And yet, many people are totally fine with "good enough" hair, motion blur, dof, texture quality and nicely balanced world geometry. A lot of things can be faked, and still look really great. Order 1886 achieves CGI level of presentation by mixing awesome assets/effects with silky smooth presentation and almost completely spotless IQ.

I really don't think we need to have perfect hair/geometry/textures everywhere on the scene to achieve very convincing CGI look. Complete package and smooth presentation is what is needed [IMO] for that.
 
I'd bold out the "almost" part too. Hair in particular is full of artifacts despite the AA - you can get only so far with transparency mapped infinitely thin polygons... Same for some of the cloth BTW.
 
And yet, many people are totally fine with "good enough" hair, motion blur, dof, texture quality and nicely balanced world geometry. A lot of things can be faked, and still look really great. Order 1886 achieves CGI level of presentation by mixing awesome assets/effects with silky smooth presentation and almost completely spotless IQ.
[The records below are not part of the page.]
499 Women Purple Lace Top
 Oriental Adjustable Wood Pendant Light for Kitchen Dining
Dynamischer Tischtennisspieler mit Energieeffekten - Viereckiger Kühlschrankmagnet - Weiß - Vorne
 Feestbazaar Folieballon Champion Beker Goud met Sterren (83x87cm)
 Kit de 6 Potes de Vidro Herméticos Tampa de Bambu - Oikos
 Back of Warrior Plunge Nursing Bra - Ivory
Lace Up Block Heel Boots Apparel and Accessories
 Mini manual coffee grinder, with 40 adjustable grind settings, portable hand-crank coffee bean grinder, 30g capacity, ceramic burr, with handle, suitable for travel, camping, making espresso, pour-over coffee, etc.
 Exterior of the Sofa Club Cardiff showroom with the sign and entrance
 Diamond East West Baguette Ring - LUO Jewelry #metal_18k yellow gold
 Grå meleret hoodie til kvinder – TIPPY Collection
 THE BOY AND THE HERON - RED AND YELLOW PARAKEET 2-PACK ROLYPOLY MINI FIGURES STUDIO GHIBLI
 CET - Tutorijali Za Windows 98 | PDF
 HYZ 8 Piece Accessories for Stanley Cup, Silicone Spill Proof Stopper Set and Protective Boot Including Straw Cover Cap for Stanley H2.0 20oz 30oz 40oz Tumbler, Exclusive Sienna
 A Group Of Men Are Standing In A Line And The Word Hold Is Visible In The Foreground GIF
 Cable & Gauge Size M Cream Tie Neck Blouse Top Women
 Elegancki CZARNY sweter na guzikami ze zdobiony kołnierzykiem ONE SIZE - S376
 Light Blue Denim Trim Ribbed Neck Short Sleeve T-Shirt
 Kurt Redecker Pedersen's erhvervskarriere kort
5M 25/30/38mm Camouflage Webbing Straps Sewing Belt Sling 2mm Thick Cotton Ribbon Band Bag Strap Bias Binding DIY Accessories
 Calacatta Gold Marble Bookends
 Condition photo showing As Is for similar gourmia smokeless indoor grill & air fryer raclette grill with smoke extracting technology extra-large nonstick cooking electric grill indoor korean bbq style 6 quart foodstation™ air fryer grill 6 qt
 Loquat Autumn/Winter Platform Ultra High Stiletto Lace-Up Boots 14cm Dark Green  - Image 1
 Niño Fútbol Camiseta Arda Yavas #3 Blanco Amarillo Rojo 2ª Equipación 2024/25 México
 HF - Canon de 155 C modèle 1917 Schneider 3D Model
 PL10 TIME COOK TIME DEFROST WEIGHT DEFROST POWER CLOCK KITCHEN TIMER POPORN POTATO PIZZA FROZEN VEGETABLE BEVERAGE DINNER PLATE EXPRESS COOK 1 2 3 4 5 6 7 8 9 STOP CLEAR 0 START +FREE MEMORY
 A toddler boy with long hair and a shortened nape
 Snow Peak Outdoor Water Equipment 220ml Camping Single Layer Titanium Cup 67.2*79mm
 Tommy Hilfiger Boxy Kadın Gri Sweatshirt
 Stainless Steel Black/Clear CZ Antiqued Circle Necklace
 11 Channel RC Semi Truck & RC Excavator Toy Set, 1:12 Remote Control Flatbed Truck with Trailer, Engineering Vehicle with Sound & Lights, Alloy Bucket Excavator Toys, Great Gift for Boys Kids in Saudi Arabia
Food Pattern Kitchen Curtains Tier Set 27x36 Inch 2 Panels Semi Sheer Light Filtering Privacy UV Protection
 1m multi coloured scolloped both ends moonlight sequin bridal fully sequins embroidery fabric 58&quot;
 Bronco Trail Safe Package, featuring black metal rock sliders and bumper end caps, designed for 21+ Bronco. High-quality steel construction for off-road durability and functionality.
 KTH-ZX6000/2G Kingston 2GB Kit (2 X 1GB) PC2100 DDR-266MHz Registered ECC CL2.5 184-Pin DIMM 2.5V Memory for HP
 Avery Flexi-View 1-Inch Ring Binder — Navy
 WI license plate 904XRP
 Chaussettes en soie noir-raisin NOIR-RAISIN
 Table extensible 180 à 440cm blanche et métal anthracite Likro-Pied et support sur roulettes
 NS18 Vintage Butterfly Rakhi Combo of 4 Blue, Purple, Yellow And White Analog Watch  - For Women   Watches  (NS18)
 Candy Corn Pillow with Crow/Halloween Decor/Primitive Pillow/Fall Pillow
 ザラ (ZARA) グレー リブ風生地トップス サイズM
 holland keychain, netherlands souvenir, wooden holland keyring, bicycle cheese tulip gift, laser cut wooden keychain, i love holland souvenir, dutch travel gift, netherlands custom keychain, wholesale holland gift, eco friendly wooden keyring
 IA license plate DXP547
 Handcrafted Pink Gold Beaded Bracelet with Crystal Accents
I really don't think we need to have perfect hair/geometry/textures everywhere on the scene to achieve very convincing CGI look. Complete package and smooth presentation is what is needed [IMO] for that.

The IQ of the game is pretty good and it is not the problem and hair aren't bad because they are designed knowing geometry limitation but it could be better if models can have true hair with physic simulation.

edit: At least we don't need to have only bald people. After it is not a critic against game developer. They do what they can with current technology limitation, GPU are not performant with micropolygons.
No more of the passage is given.